I loved the book of The Time Traveler's Wife, but I am not at all sure it would make a good movie. It does interesting things with text that I don't think would translate very well to the screen.

(I'm also not sure you'd care for it, although you might. It's somewhere between mainstream lit and chick-lit, despite the sfnal plot device. While it's a lot better, quality-wise, calling it 'science fiction' is sort of like calling "Thirteen Going On Thirty" 'science fiction' because it has time travel, or for that matter calling "Big" fantasy. Yeah, it has a speculative element, but genre-wise it really doesn't fit as an sf/f theme.
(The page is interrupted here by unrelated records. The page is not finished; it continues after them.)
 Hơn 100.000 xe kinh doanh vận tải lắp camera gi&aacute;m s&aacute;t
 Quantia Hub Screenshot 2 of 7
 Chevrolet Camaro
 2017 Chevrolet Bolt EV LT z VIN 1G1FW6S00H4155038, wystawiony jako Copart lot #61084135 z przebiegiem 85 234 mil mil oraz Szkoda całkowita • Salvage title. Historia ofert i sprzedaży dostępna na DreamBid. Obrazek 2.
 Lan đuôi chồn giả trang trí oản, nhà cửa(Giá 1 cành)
That said, I really liked the book, so hey, you might like it too.)
Sister Atom Bomb of Courteous Debateakiko on August 15th, 2009 05:18 pm (UTC)
DonAithnendonaithnen on August 17th, 2009 05:26 am (UTC)
Is there any kind of brief summary you could give? I'm curious about it, but don't want to read the spoilers.
Coraacoraa on August 17th, 2009 05:50 am (UTC)
One of the big ones, as far as I can tell, is that it's set in South Africa, apparently in the future, and all of the main characters, including the hero, are white people. And, indeed, it's the black people who spout the worst "racism" about the aliens. This would be wince-worthy enough under other circumstances, but when you're making a movie that's an allegory of apartheid, it's pretty bad.
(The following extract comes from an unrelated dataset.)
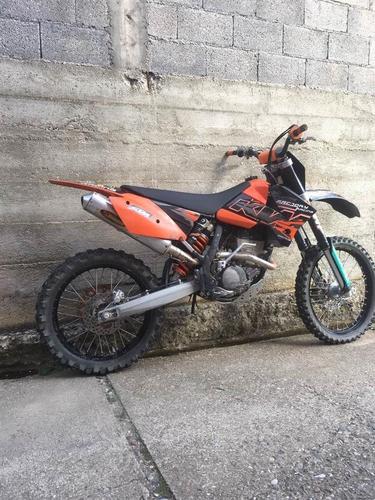 KTM 250cc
(I have also heard that the black characters that do exist are mostly gangsters, prostitutes, and superstitious 'witch doctors.')
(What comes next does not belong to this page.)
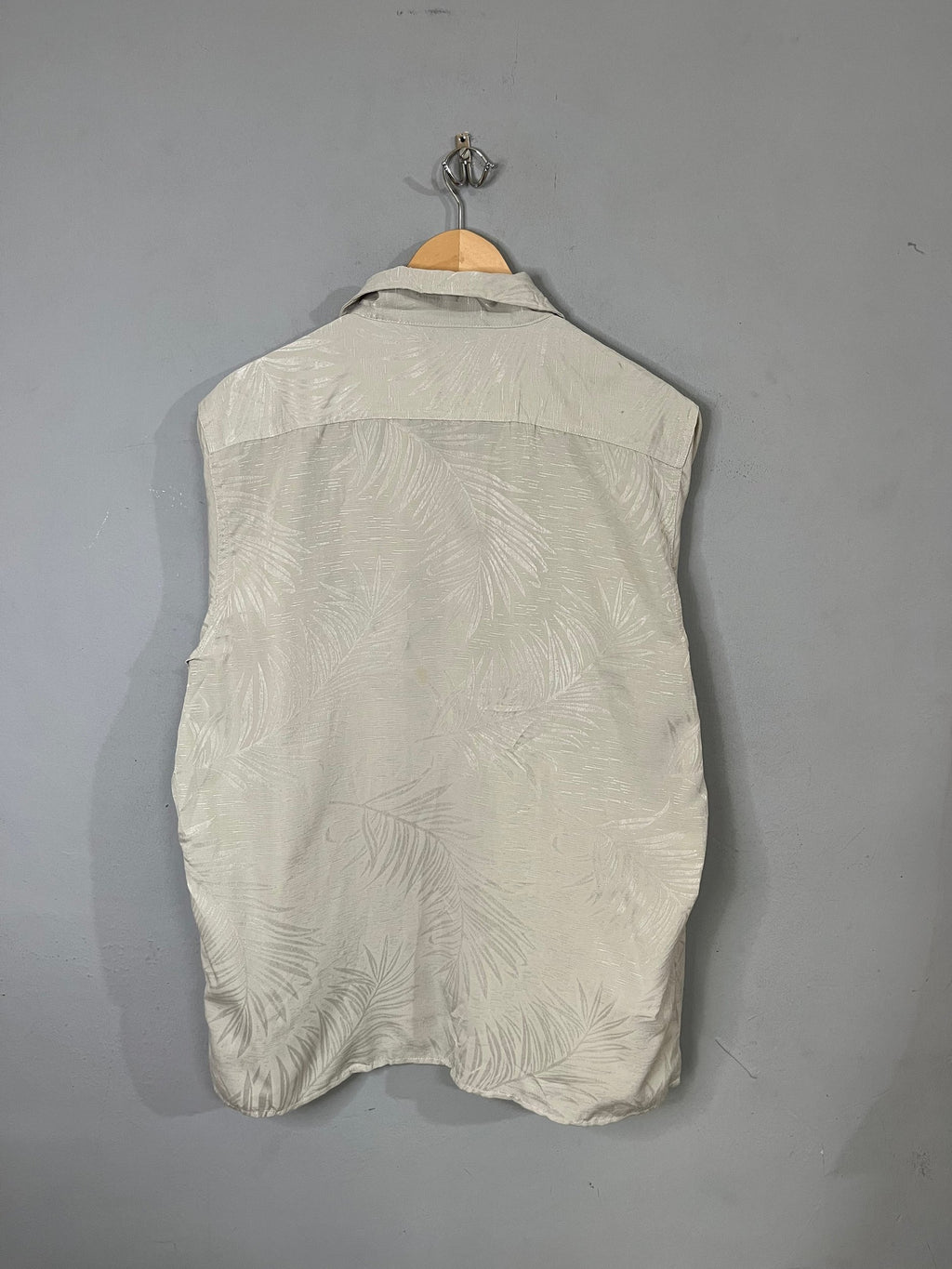 Half Sleeve Shirts Oversized Streetwear GEGRGE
I have not seen the movie (and probably will not), so I don't know much more than that.
Marvin Spencermarvinalone on August 17th, 2009 05:05 pm (UTC)
I went to see District 9 last night, pretty much only based on this post, and the comments. I expected social commentary, but I got an action movie. It was a very good action movie, so I'm ok with that, but the race thing wasn't front and center.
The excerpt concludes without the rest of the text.